Charles and Ester accepted his excuse readily. Francesca studied his eyes, but refrained from asking the questions he could see forming in hers. He offered his arm, and she took it. Charles offered his to Ester, and they headed off beneath the nearly bare branches.
They passed a comfortable morning with Lady Elizabeth, Henni, and Horace, then returned through the park in time for lunch. Franni didn’t join them.
“She’s sleeping,” Ester reported as she took her seat at the table.
“Just as well,” Charles returned. “She’s been walking here even more than she does at home. Although she enjoys it, we’ll be leaving tomorrow, so it’s all to the good if she rests.”
During the meal, Charles and Gyles discussed estate matters while Francesca caught up with the news from Rawlings Hall.
“I could do with a nap myself,” Ester confided to Francesca as they left the dining room. “I find it hard to sleep in a rocking coach, and it’ll be a long drive to Bath tomorrow.”

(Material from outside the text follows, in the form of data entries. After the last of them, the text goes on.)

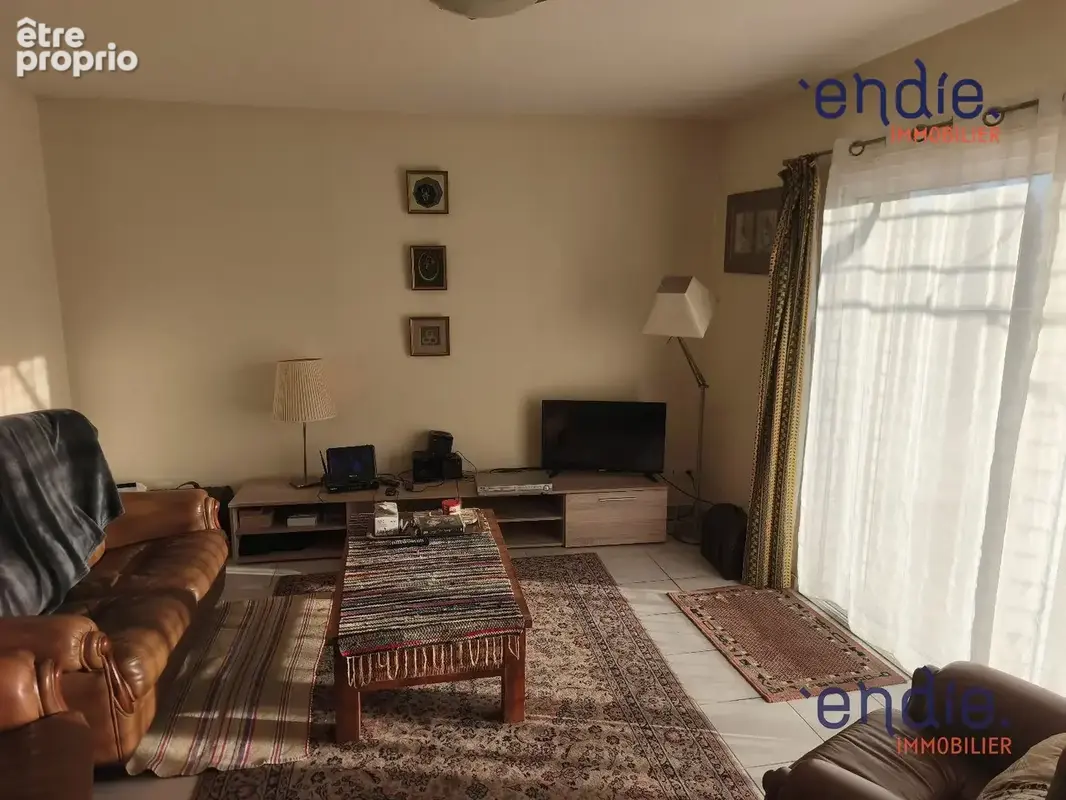 Maison 4 pièces 95 m² à vendre à Cosne-D'allier (03430) - photo 6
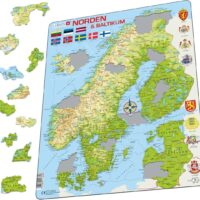 Kort over Norden-puslespillet med løse brikker ved siden af
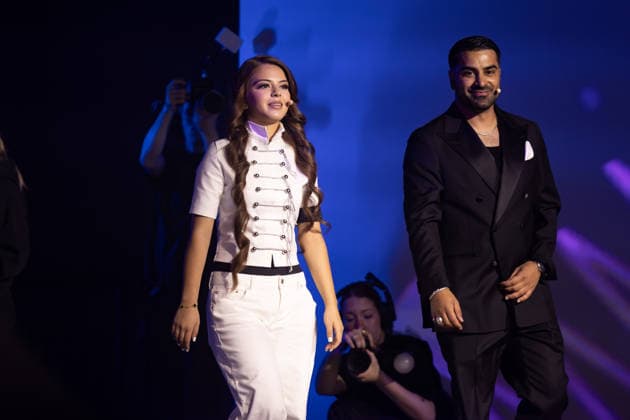 Hamburg, OMR Festival Hamburg, 05.05.2026 Die 15 jaehrige Saengerin und Influencerin Zahide zusammen mit Ihrem Manager Serdar Bogatekin auf dem Weg auf die Conference Stage der OMR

Francesca watched Ester climb the stairs. In the hall behind her, she heard Gyles giving instructions to Edwards, who had presented himself at Gyles’s request. Charles wished to view the succession houses. Francesca turned to see her uncle stride off with Edwards. She met her husband’s eye as he turned her way. She smiled, then turned toward the family parlor.
His hand closed about her arm and she halted. His grip eased; his fingers trailed down to tangle with hers. Surprised, she turned to face him.
His eyes held hers, then he said, “I wondered… if you haven’t anything pressing, would you help me with my research?”
She tried to keep her heart from leaping, or at least keep the fact from showing. “Your parliamentary research?”
“There’s a hundred references to check and cross-check. If you’re not busy…?”
She smiled, aware that his fingers had already closed firmly about hers. “I’m not busy. I’ll be happy to help.”
She spent the entire afternoon with him. He had a list of books with notes on what he needed from each one. They worked down the list, book by book, Gyles at his desk, reading and taking notes, while she searched for the next volume or, having found it, sat in a chair beside the desk and located the information he was after.
When he finished a book, she’d exchange it for the next, pointing out the relevant text. He’d accept the new book and start reading while she returned the previous volume to its shelf. In the first few exchanges, he read the entire section, but thereafter she noted he focused only on the passage she indicated. She inwardly smiled. Their researching went faster.
Charles looked in a few hours later. He saw what they were about and asked after Gyles’s interest. An amicable discussion ensued, which lasted until Ester, fresh from her nap, joined them, and it was time for afternoon tea.
Francesca rang and instructed Wallace to serve them in the library.
“Franni?” she asked, looking at Ester.
“She’s awake but dozy-you know how she gets. Happy as a lark, but she wants nothing more than to loll in her bed. Ginny’s with her, and knows to get her ready for dinner, so all’s well.”
Ginny was Franni’s old maid. She’d been Franni’s nurse and was devoted to her charge. Given Francesca had not been with them in the coach this time, Ginny had been brought to help with Franni, who was not easy over having maids she didn’t know attend her.